→ Material to process
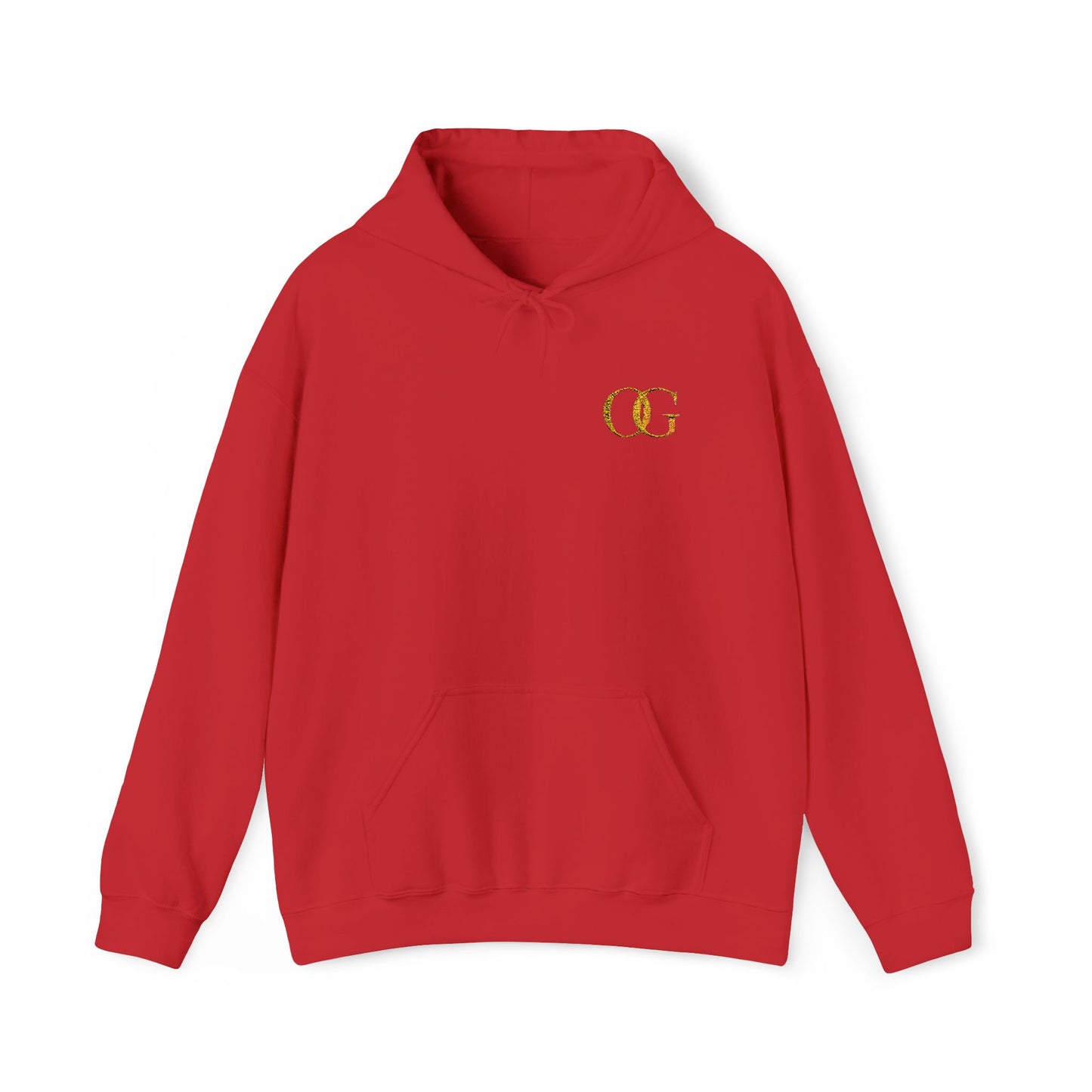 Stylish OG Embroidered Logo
...
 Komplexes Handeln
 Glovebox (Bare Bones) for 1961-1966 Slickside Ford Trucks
==
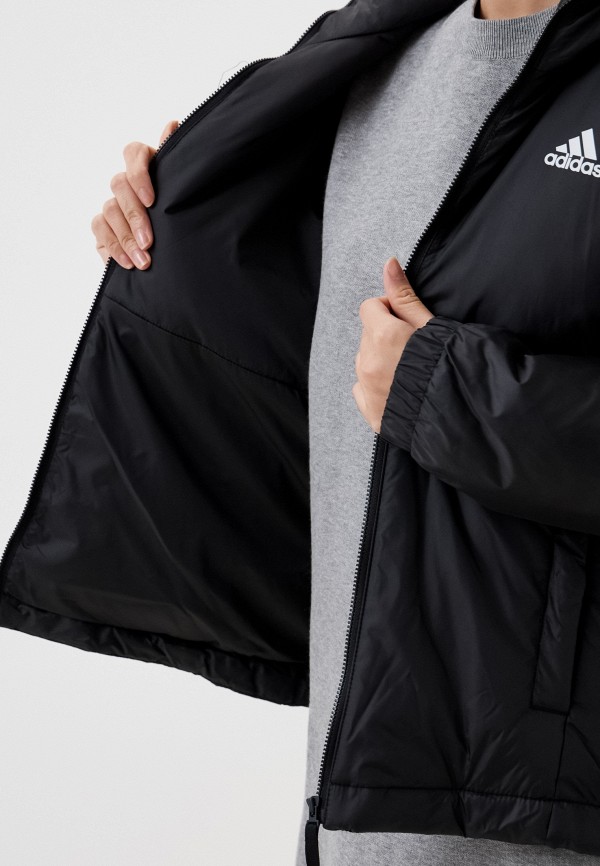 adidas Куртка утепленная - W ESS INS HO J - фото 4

→ Task instructions
Copy out the lines above exactly, beginning at the one that contains "Komplexes Handeln" and ending at the one that contains "Glovebox (Bare Bones)".

→ Task output
 Komplexes Handeln
 Glovebox (Bare Bones) for 1961-1966 Slickside Ford Trucks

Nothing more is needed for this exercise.